● INSTRUCTIONS TO FOLLOW
When you reach the line containing "Dotimo 100PCS Math", begin reproducing the material exactly, stop after the line containing "Hallmark Movie ft", and leave out any pictures along the way.

::: ENTRIES SUPPLIED :::

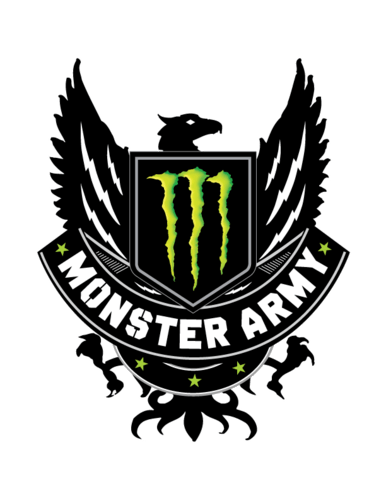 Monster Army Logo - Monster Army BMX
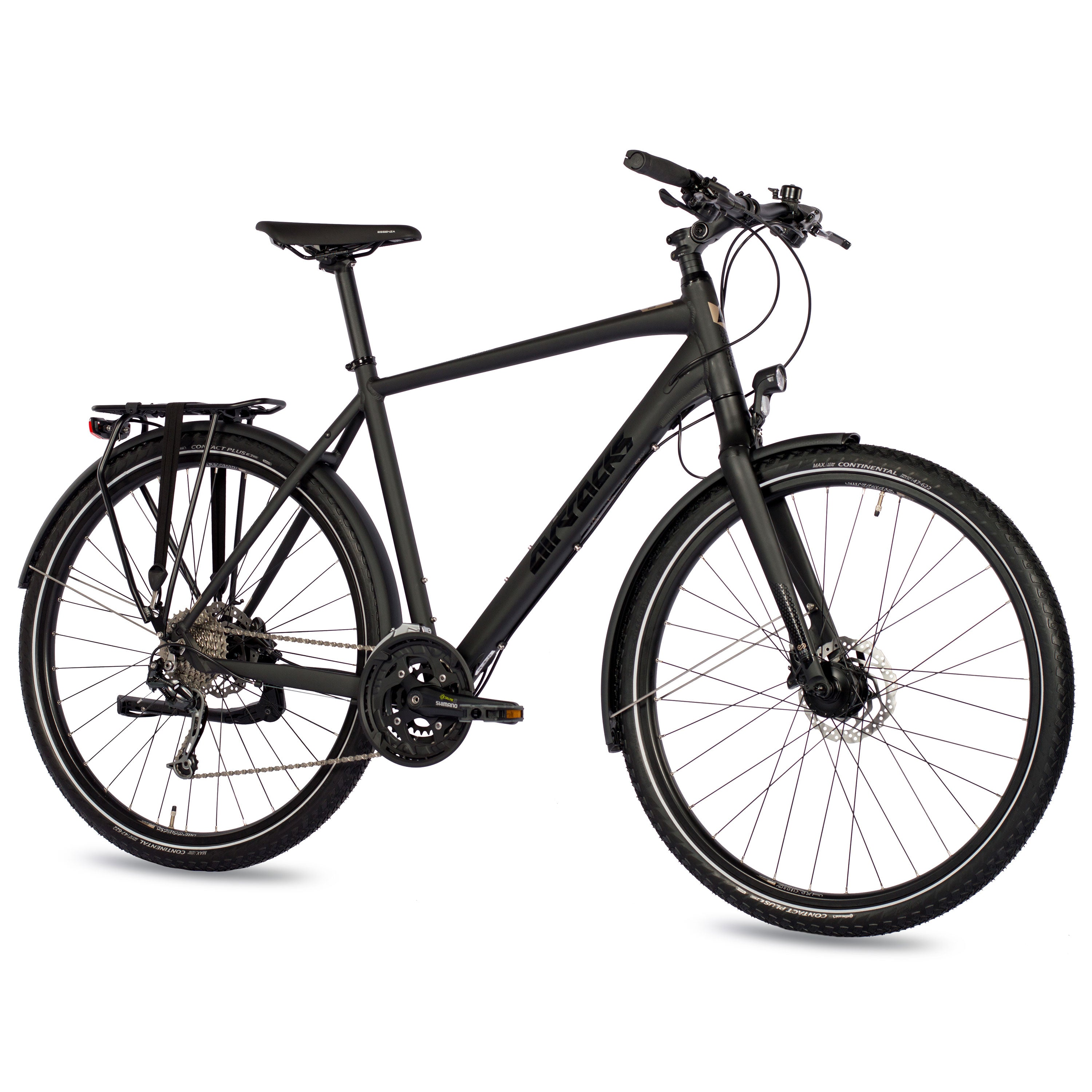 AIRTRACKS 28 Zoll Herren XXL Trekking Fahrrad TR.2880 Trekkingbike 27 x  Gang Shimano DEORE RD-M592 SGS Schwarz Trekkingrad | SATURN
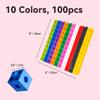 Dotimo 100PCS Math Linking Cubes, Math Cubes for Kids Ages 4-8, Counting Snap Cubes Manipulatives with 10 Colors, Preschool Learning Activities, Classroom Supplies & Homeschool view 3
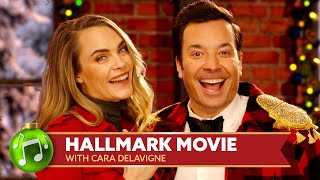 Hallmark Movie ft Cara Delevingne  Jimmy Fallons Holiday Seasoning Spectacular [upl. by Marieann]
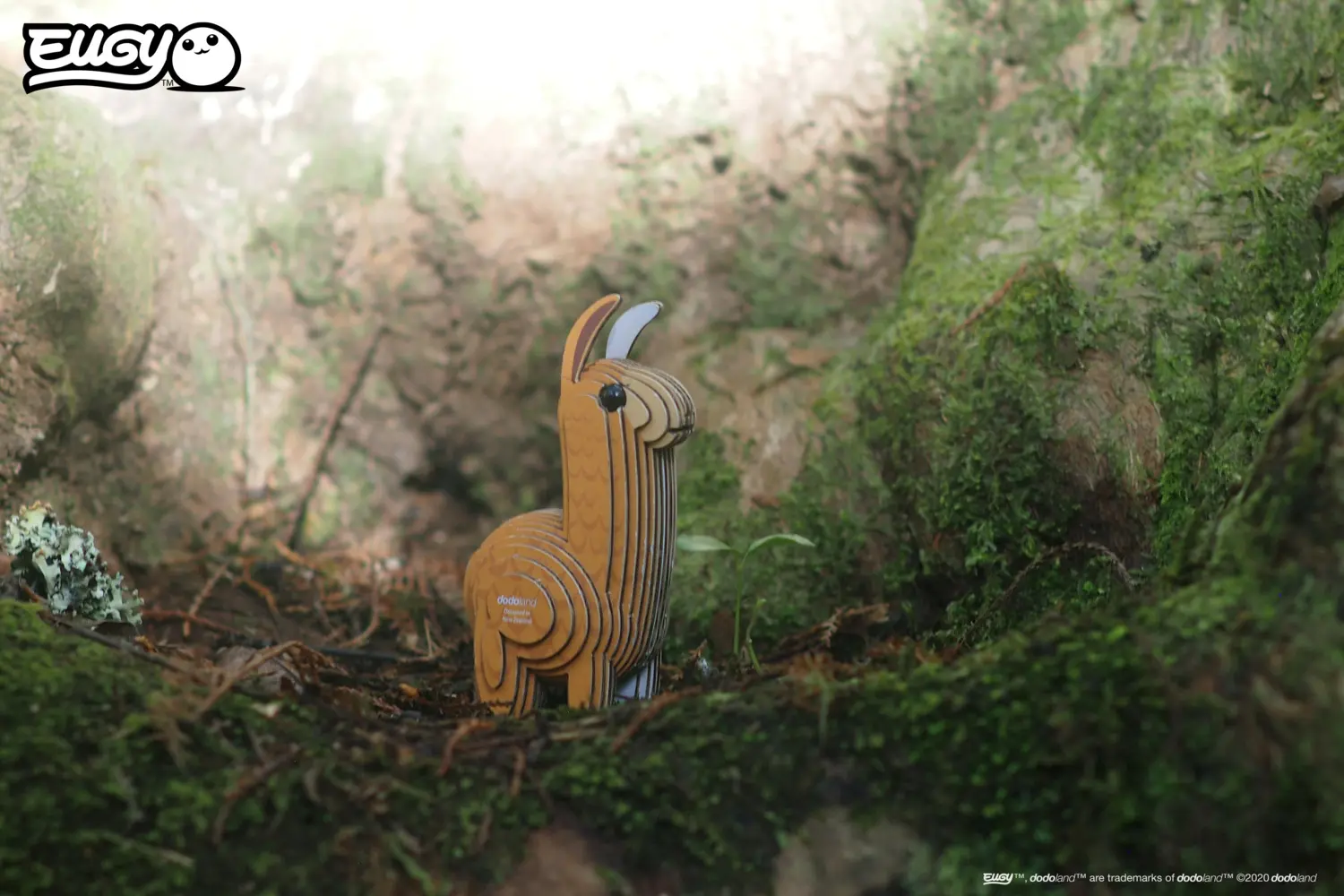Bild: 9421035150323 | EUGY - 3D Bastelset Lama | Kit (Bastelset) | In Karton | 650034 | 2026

:::

● RESPONSE AREA
 Dotimo 100PCS Math Linking Cubes, Math Cubes for Kids Ages 4-8, Counting Snap Cubes Manipulatives with 10 Colors, Preschool Learning Activities, Classroom Supplies & Homeschool view 3
 Hallmark Movie ft Cara Delevingne  Jimmy Fallons Holiday Seasoning Spectacular [upl. by Marieann]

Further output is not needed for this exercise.